*Data shown:*
┌──
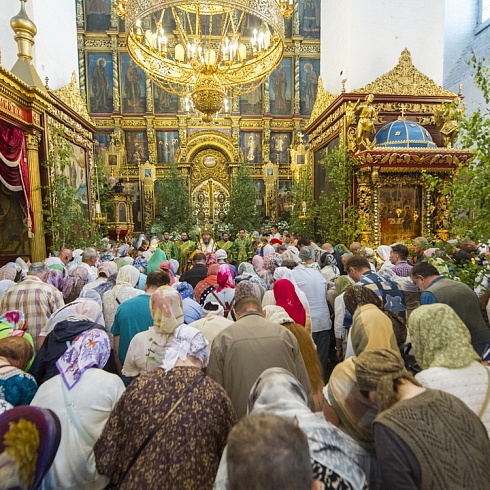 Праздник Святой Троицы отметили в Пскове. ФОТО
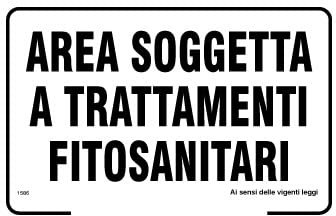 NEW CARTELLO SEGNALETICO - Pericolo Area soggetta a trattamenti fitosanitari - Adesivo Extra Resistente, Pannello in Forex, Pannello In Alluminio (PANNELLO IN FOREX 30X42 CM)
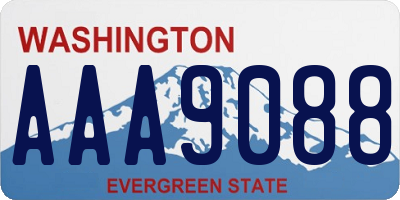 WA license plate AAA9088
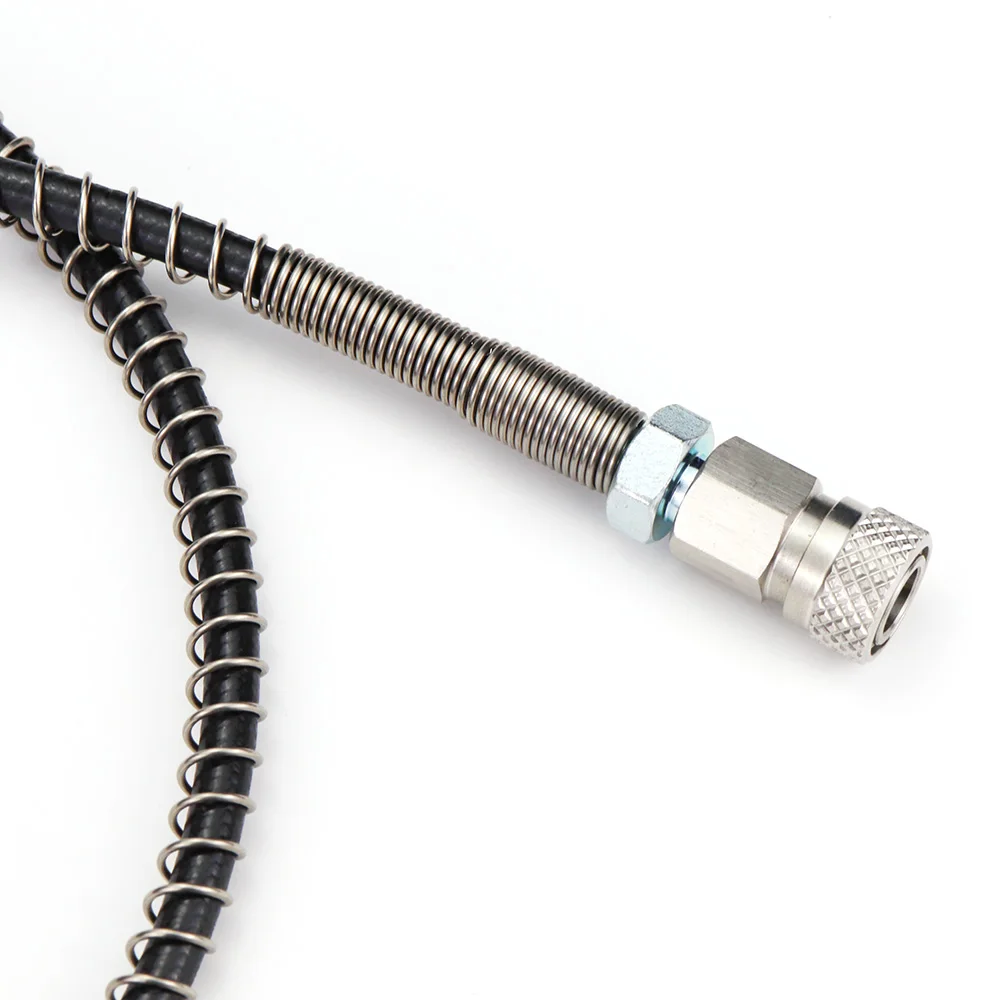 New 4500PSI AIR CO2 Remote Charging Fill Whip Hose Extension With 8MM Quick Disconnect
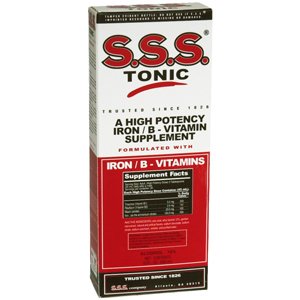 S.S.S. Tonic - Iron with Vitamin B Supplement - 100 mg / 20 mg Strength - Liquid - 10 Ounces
└──
┌──
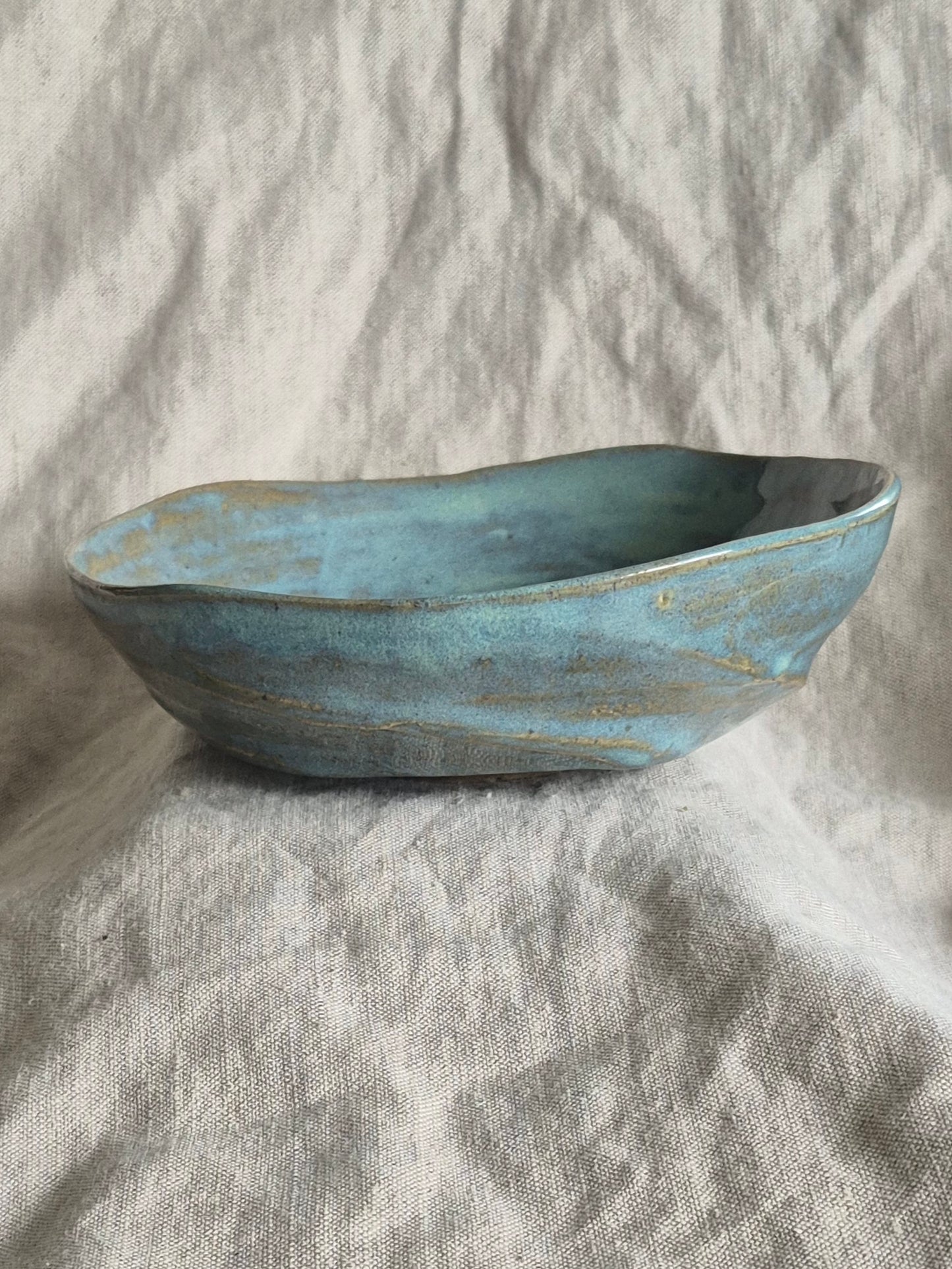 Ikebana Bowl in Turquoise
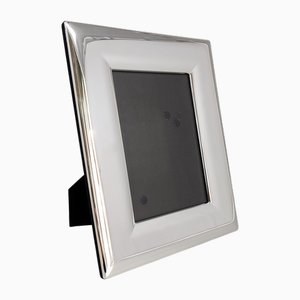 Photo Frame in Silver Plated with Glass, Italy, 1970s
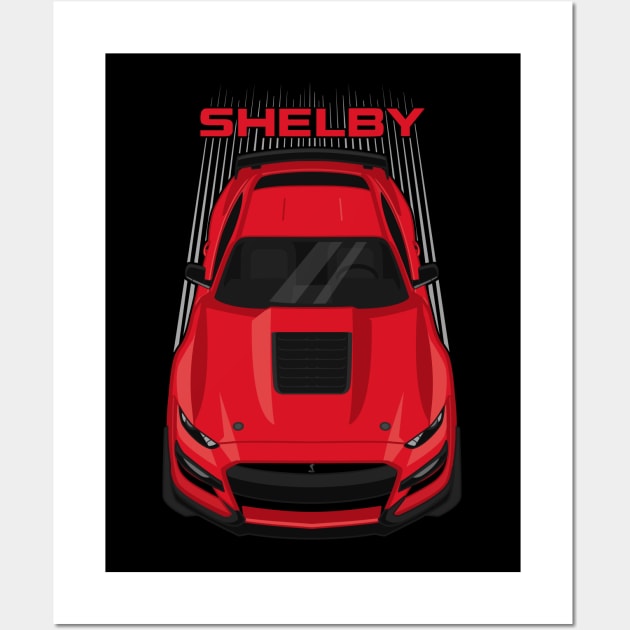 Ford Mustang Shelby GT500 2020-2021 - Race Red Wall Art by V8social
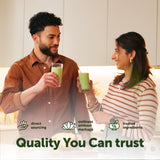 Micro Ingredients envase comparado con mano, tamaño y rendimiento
└──
┌──
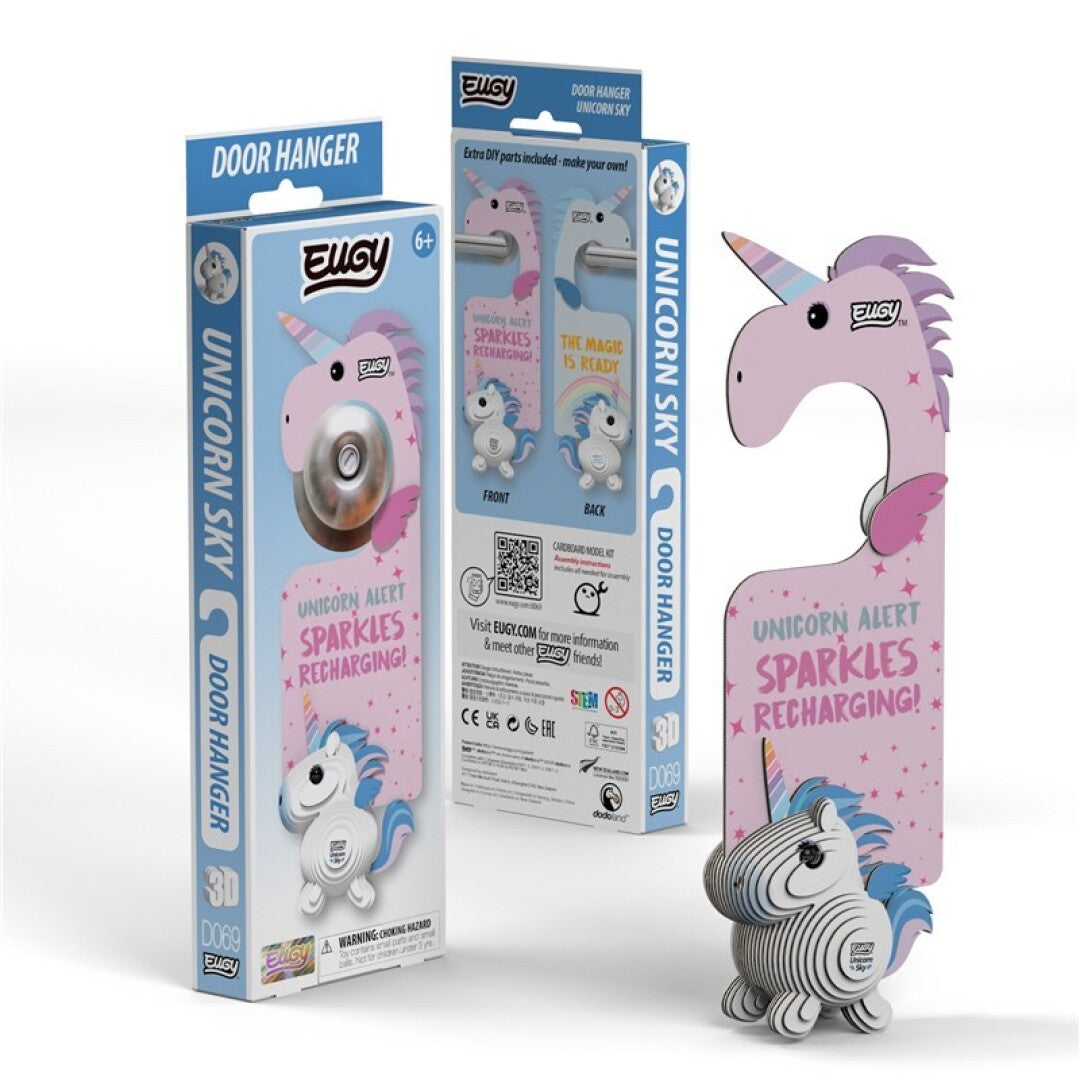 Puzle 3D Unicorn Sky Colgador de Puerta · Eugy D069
└──
*Work to be completed:* Please print the lines above word for word, starting at the one with "Праздник Святой Троицы" and ending at the one with "S.S.S. Tonic - Iron", both included, and without any picture.

*Answer area:*
 Праздник Святой Троицы отметили в Пскове. ФОТО
 NEW CARTELLO SEGNALETICO - Pericolo Area soggetta a trattamenti fitosanitari - Adesivo Extra Resistente, Pannello in Forex, Pannello In Alluminio (PANNELLO IN FOREX 30X42 CM)
 WA license plate AAA9088
 New 4500PSI AIR CO2 Remote Charging Fill Whip Hose Extension With 8MM Quick Disconnect
 S.S.S. Tonic - Iron with Vitamin B Supplement - 100 mg / 20 mg Strength - Liquid - 10 Ounces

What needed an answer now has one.